[DATA IN THIS EXERCISE — start]

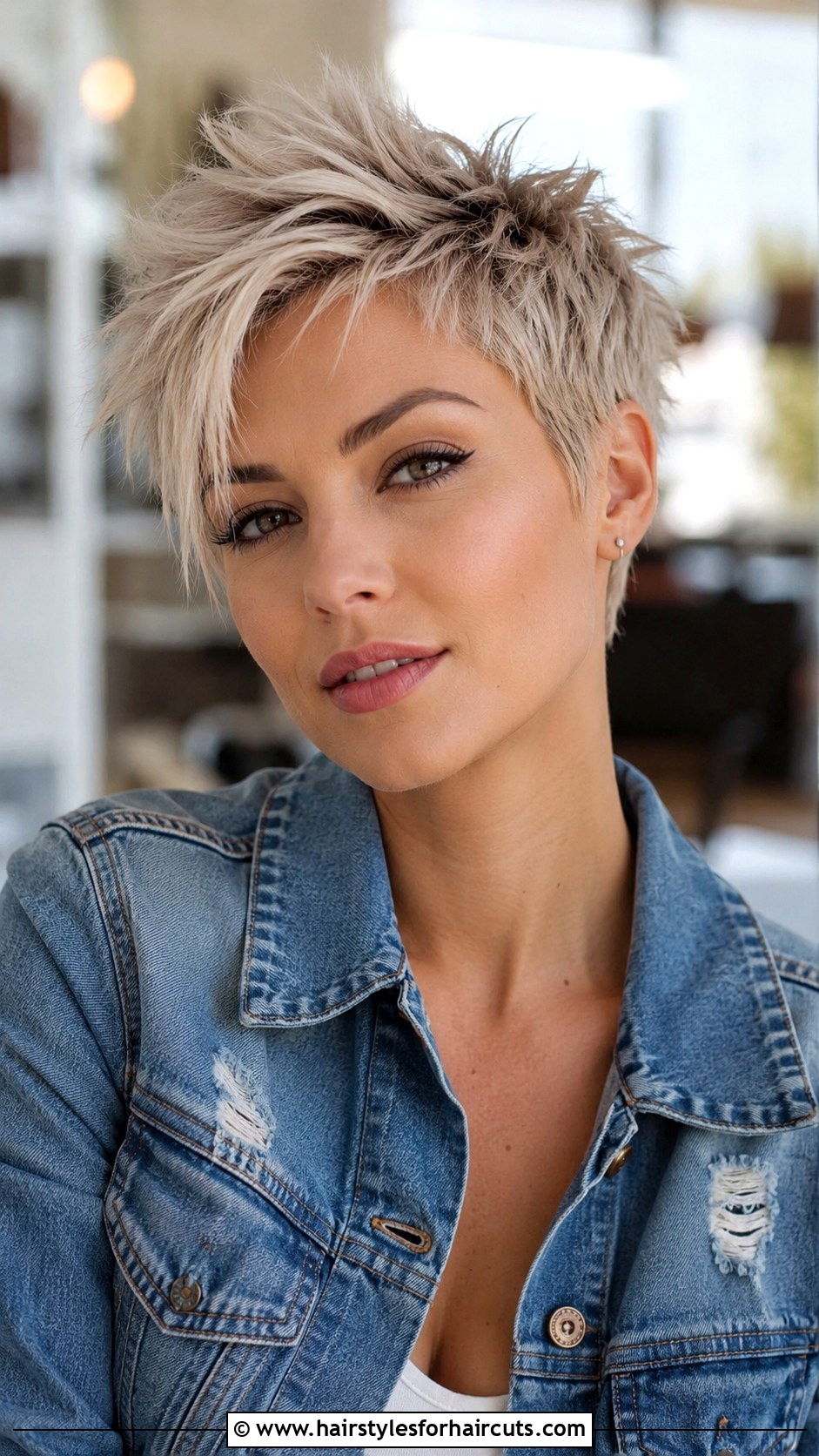 Choppy Pixie Haircut - 25 haircuts video - 25 haircuts video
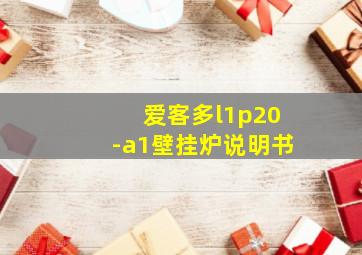 爱客多l1p20-a1壁挂炉说明书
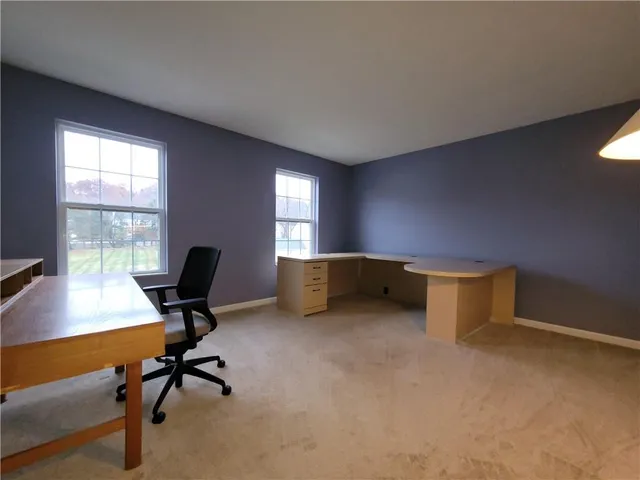 a view of workspace with a window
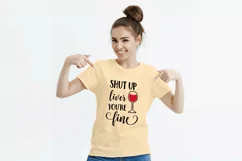 Shut up liver you’re fine . Funny wine quote SVG. Bar sign Product Image 2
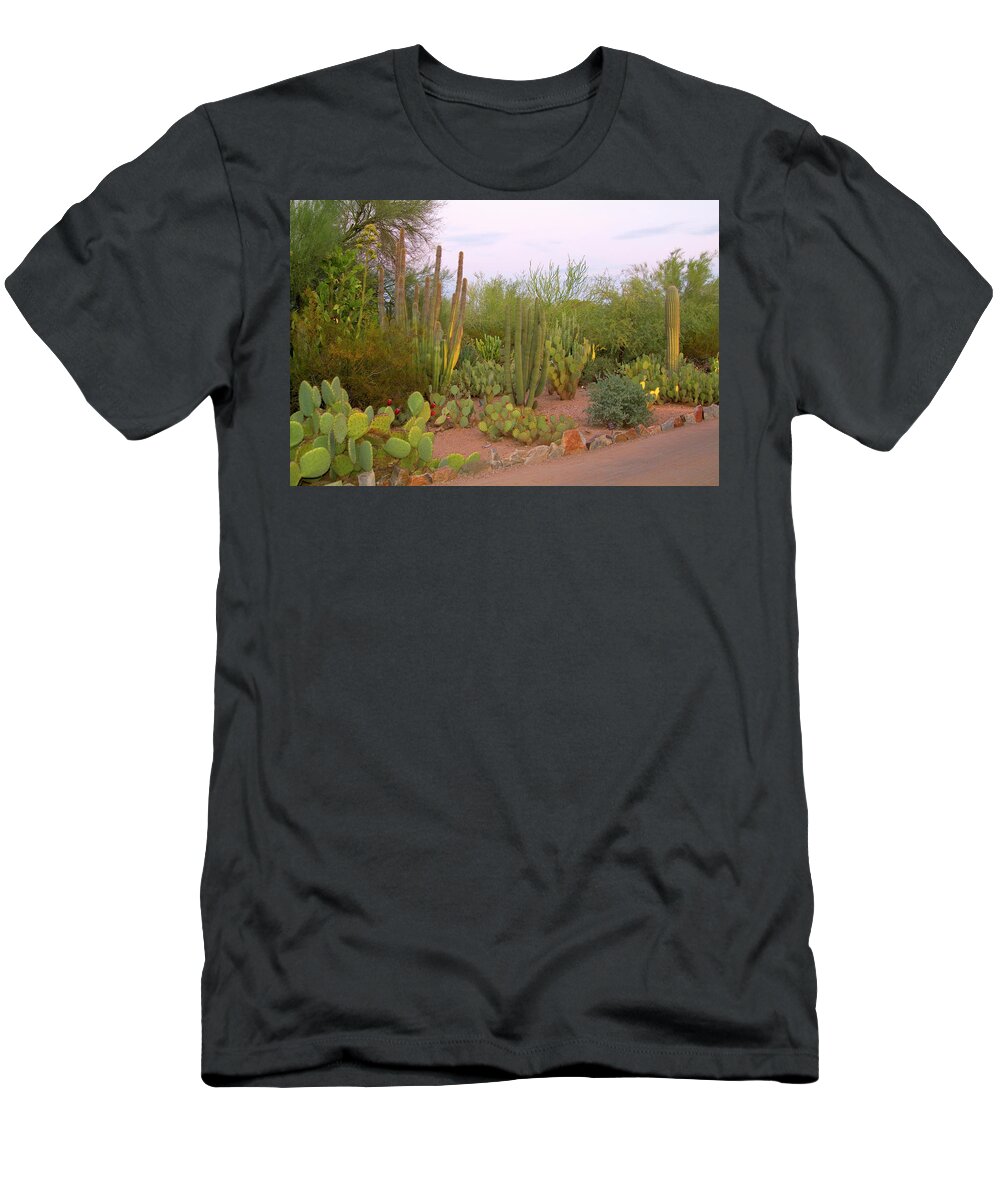 Estock T-Shirt featuring the digital art Arizona, Phoenix, Desert, Cactus #2 by J.b. Grant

[DATA IN THIS EXERCISE — finish]

▶ _REQUIRED WORK_
Without the pictures, write out the lines from the beginning of the entries through the line with "Shut up liver".

▶ _OUTPUT FOR THIS TASK_
 Choppy Pixie Haircut - 25 haircuts video - 25 haircuts video
 爱客多l1p20-a1壁挂炉说明书
 a view of workspace with a window
 Shut up liver you’re fine . Funny wine quote SVG. Bar sign Product Image 2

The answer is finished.